→ **WORK TO BE COMPLETED**
Leave the pictures aside and give back every entry below word for word.

···

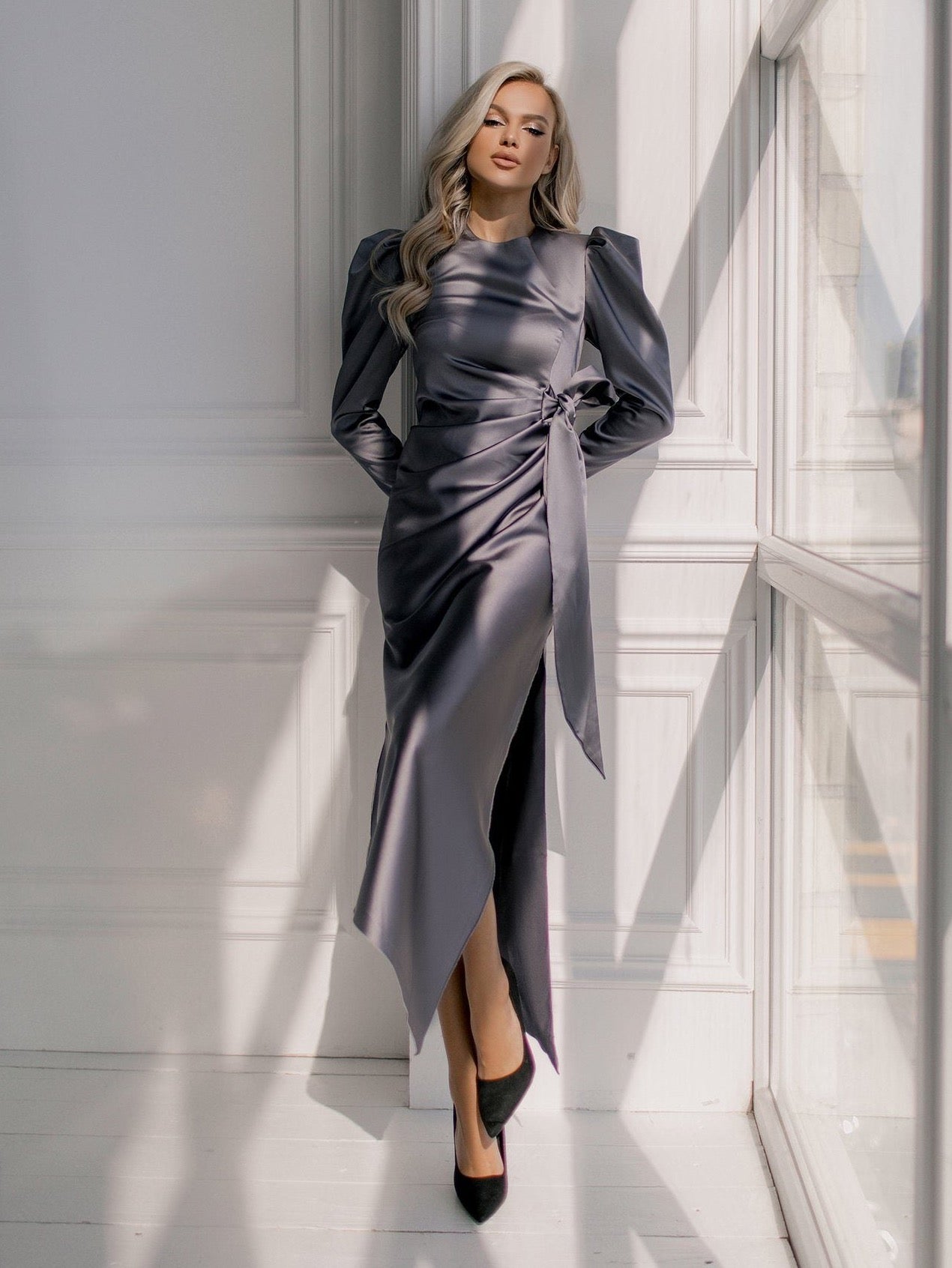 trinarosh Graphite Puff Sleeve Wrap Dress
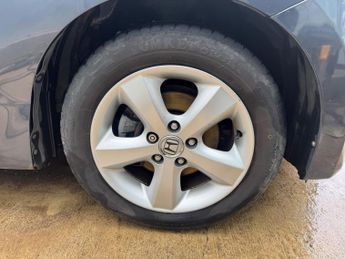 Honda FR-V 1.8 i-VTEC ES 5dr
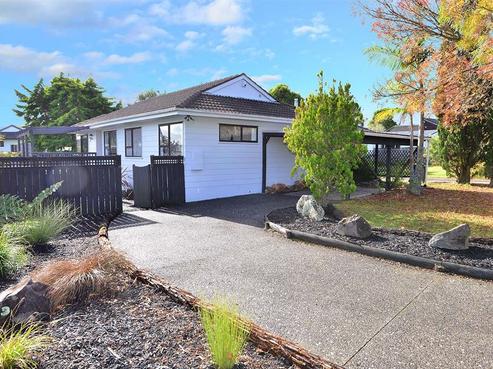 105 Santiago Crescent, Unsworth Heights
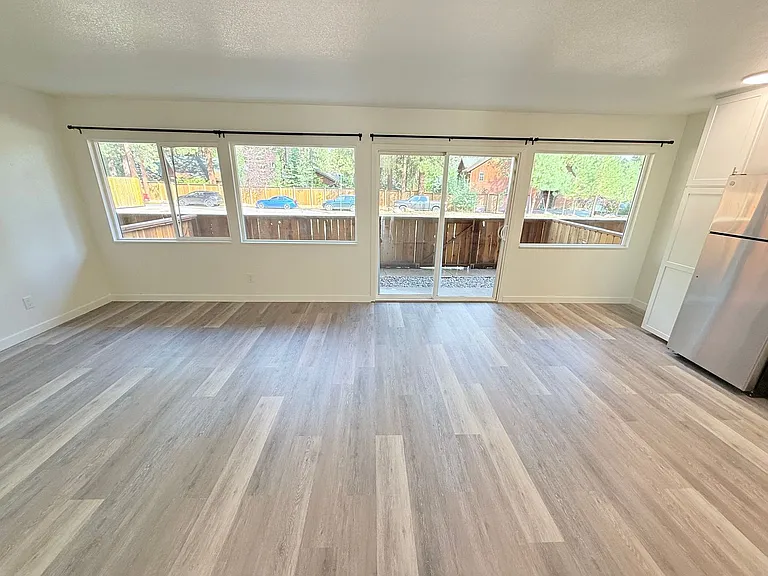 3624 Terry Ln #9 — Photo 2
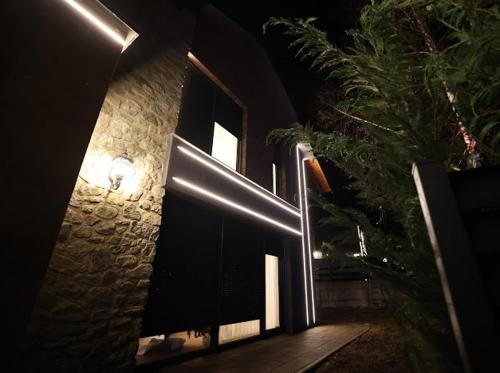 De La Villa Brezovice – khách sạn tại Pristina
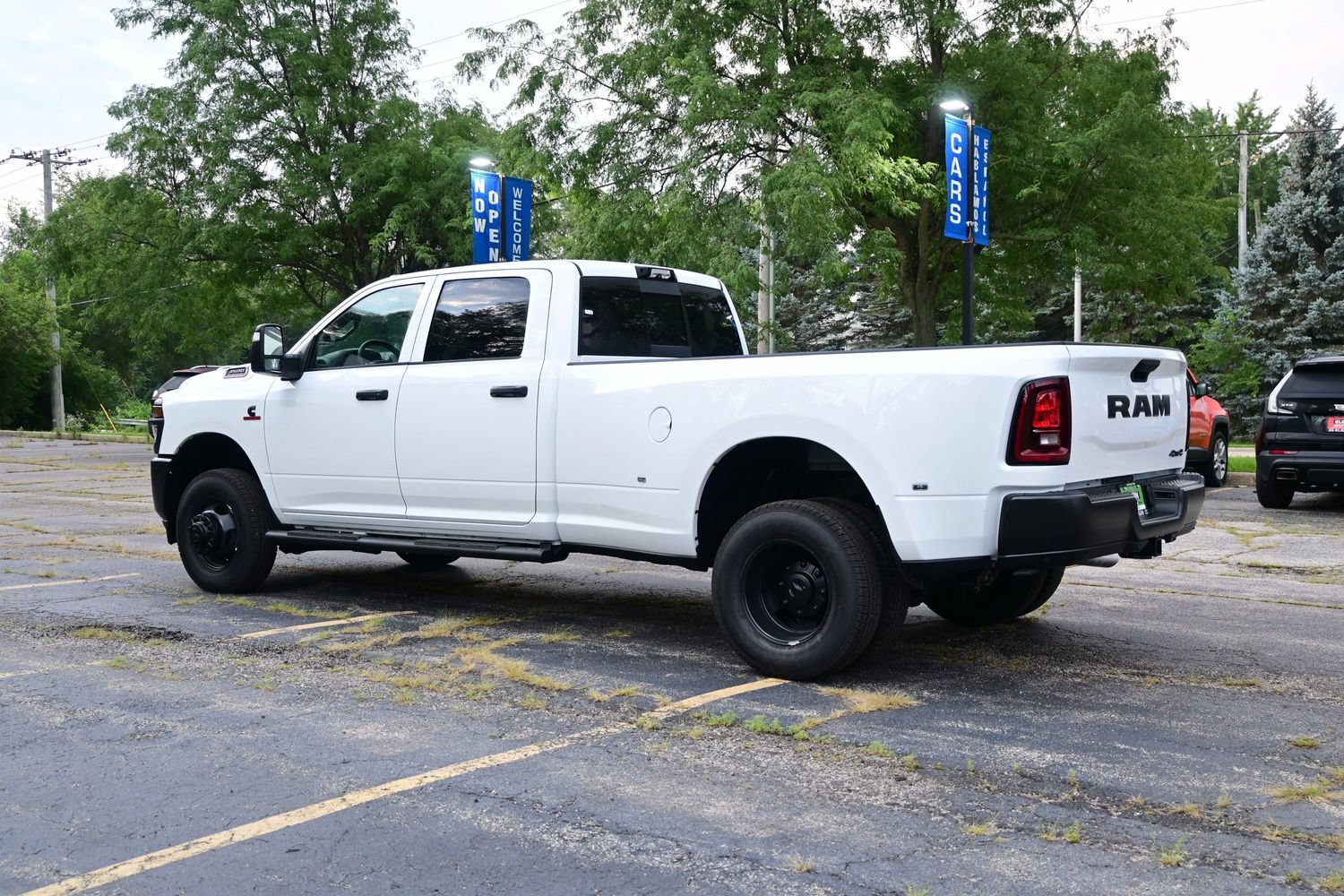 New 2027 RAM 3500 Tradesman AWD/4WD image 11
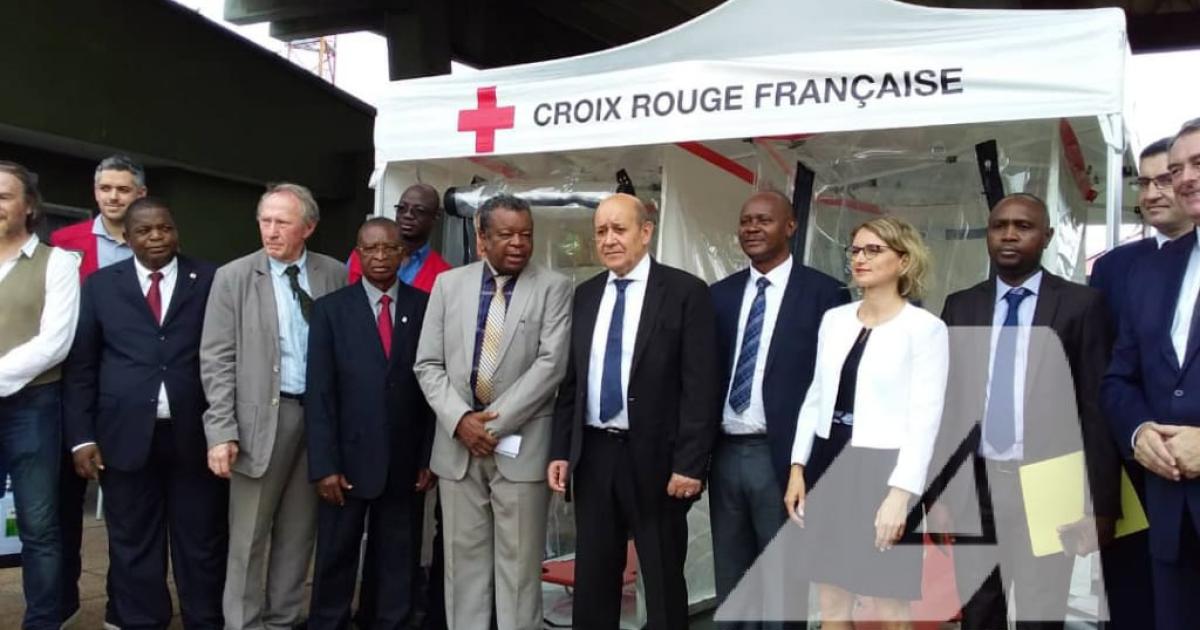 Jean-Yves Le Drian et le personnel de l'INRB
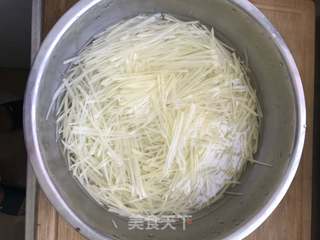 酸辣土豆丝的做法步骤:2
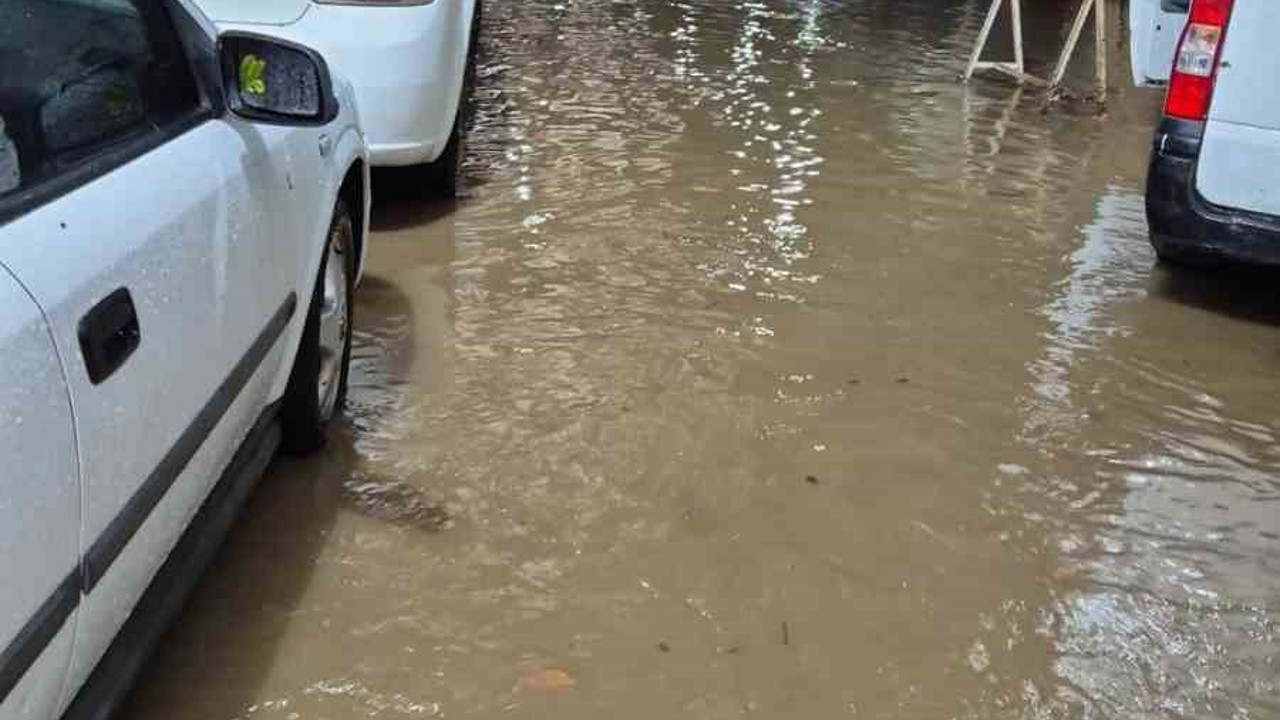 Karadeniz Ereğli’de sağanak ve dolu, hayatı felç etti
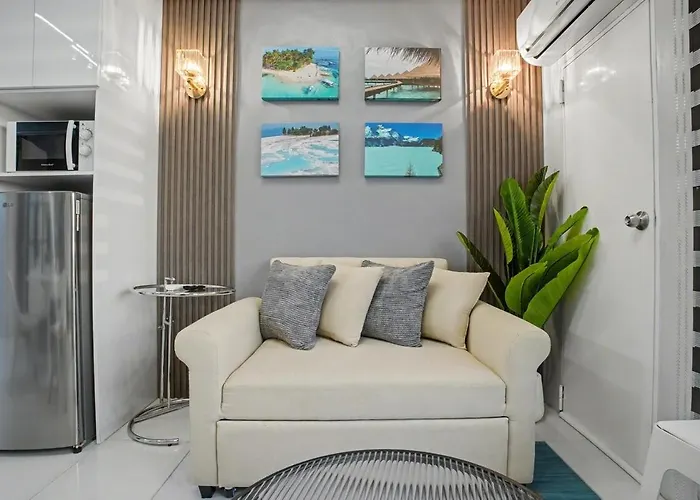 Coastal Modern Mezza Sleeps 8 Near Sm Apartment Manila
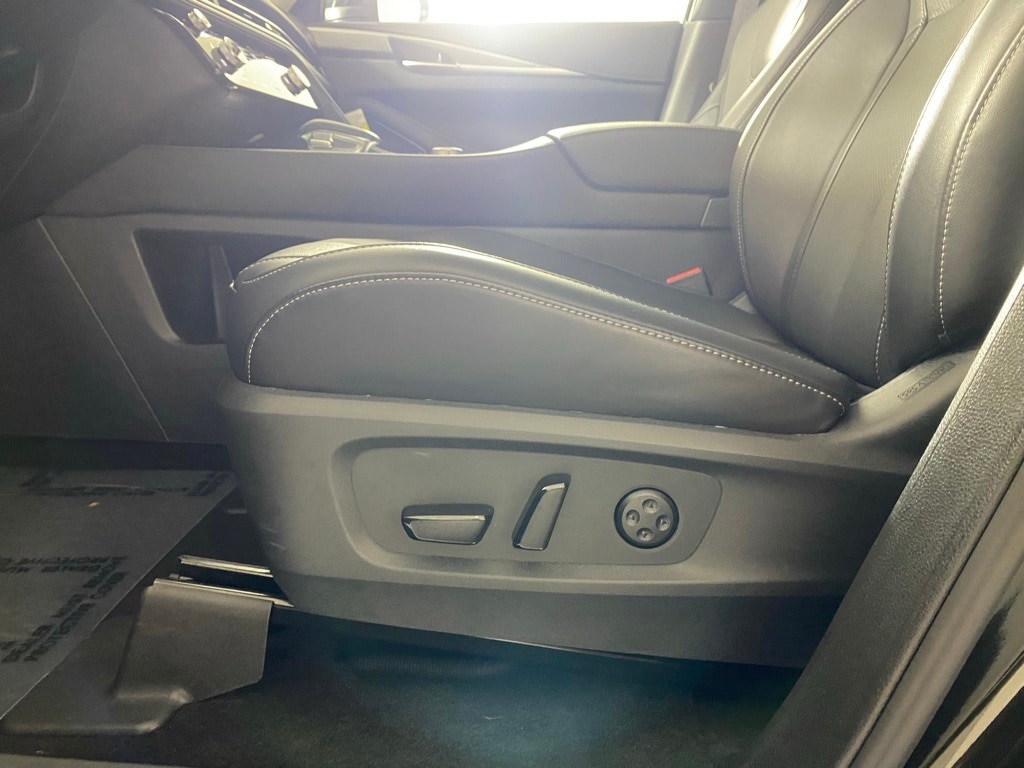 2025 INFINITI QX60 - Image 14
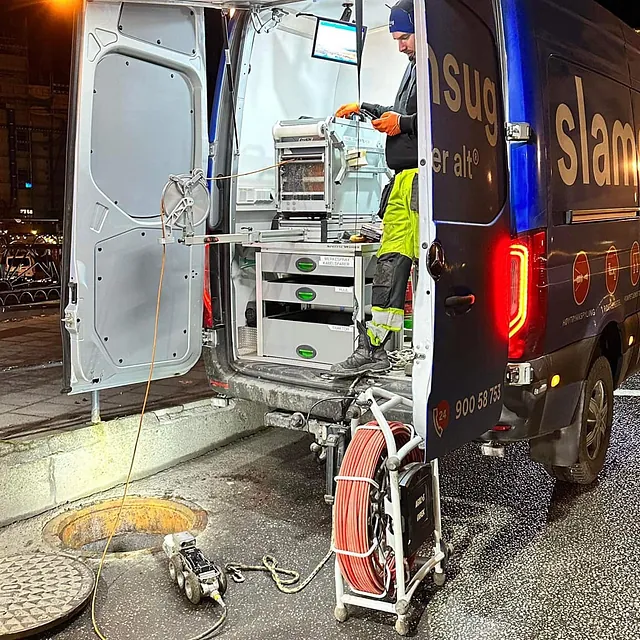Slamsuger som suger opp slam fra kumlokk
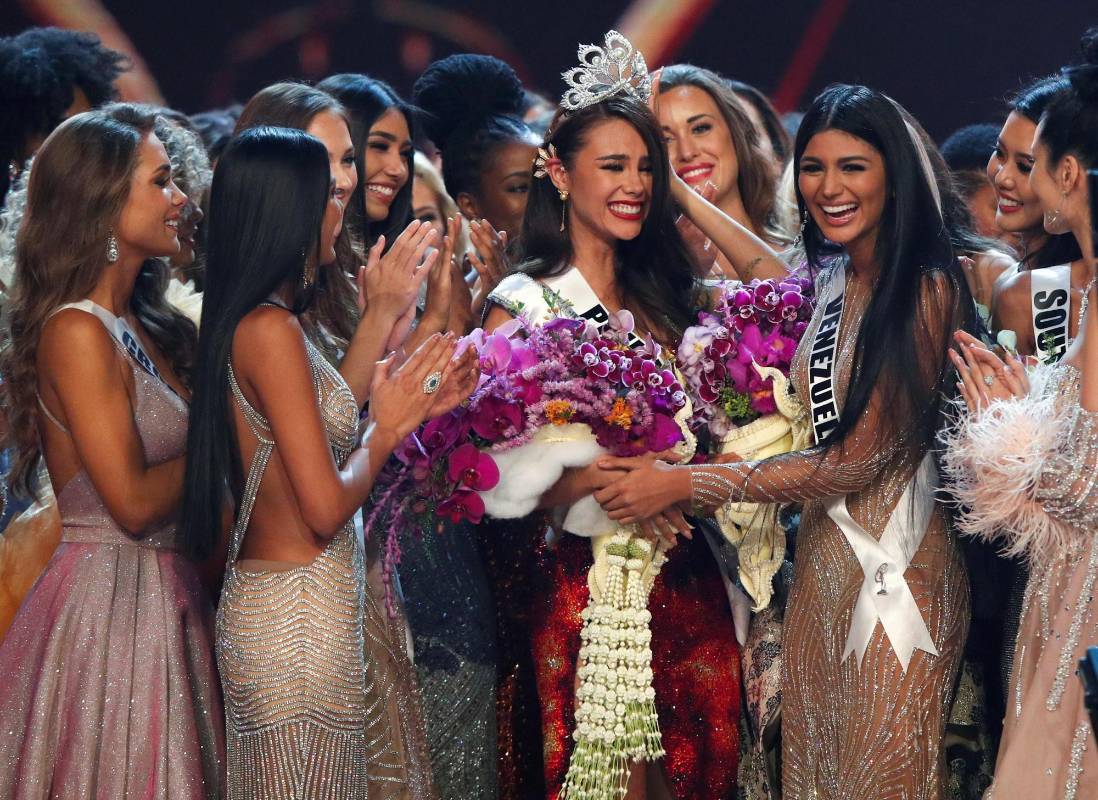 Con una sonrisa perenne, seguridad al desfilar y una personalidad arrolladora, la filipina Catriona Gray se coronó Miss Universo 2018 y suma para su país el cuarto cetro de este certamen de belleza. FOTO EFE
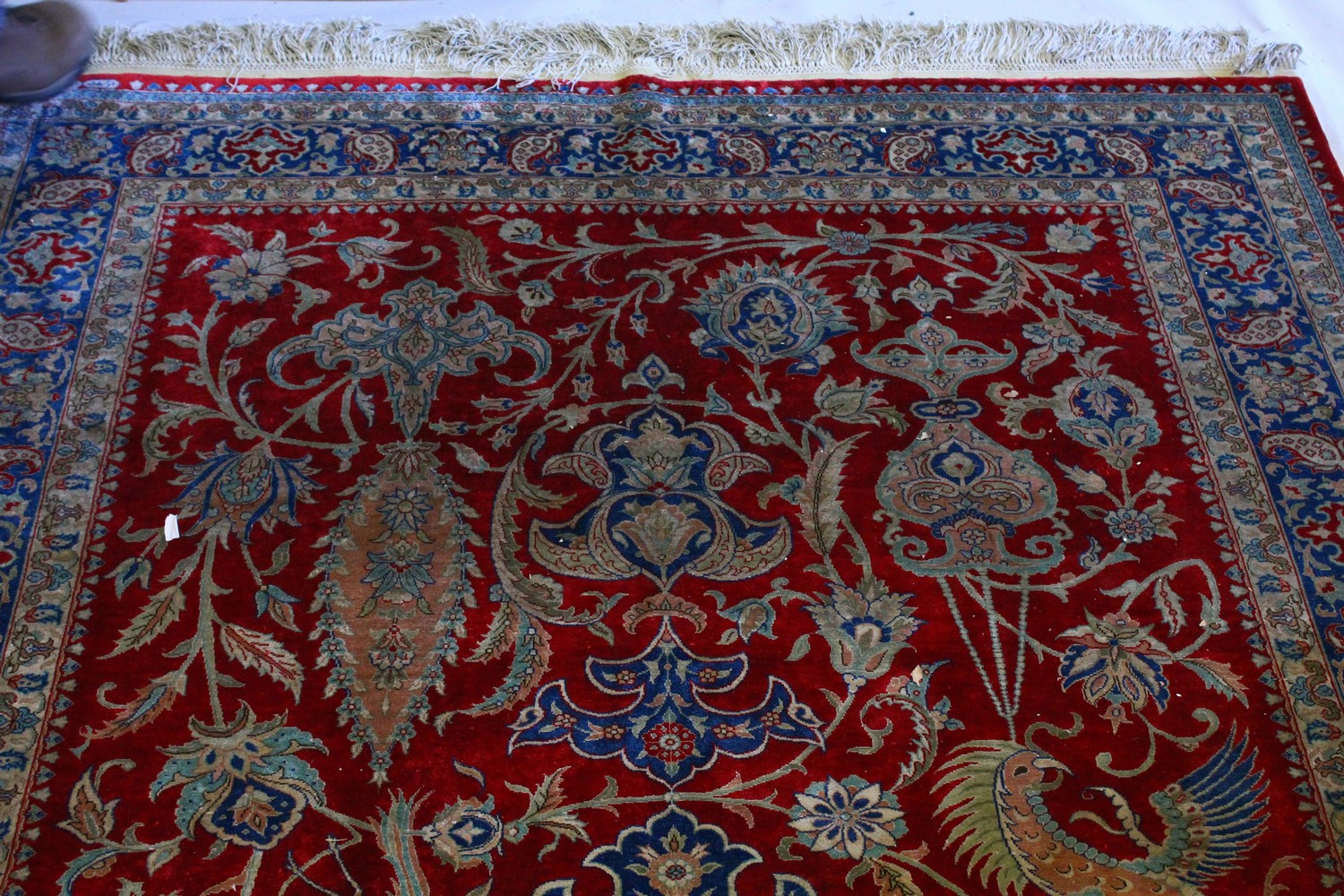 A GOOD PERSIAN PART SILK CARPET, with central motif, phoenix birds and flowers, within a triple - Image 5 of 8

···

→ **SOLUTION FOR THIS EXERCISE**
 trinarosh Graphite Puff Sleeve Wrap Dress
 Honda FR-V 1.8 i-VTEC ES 5dr
 105 Santiago Crescent, Unsworth Heights
 3624 Terry Ln #9 — Photo 2
 De La Villa Brezovice – khách sạn tại Pristina
 New 2027 RAM 3500 Tradesman AWD/4WD image 11
 Jean-Yves Le Drian et le personnel de l'INRB
 酸辣土豆丝的做法步骤:2
 Karadeniz Ereğli’de sağanak ve dolu, hayatı felç etti
 Coastal Modern Mezza Sleeps 8 Near Sm Apartment Manila
 2025 INFINITI QX60 - Image 14
Slamsuger som suger opp slam fra kumlokk
 Con una sonrisa perenne, seguridad al desfilar y una personalidad arrolladora, la filipina Catriona Gray se coronó Miss Universo 2018 y suma para su país el cuarto cetro de este certamen de belleza. FOTO EFE
 A GOOD PERSIAN PART SILK CARPET, with central motif, phoenix birds and flowers, within a triple - Image 5 of 8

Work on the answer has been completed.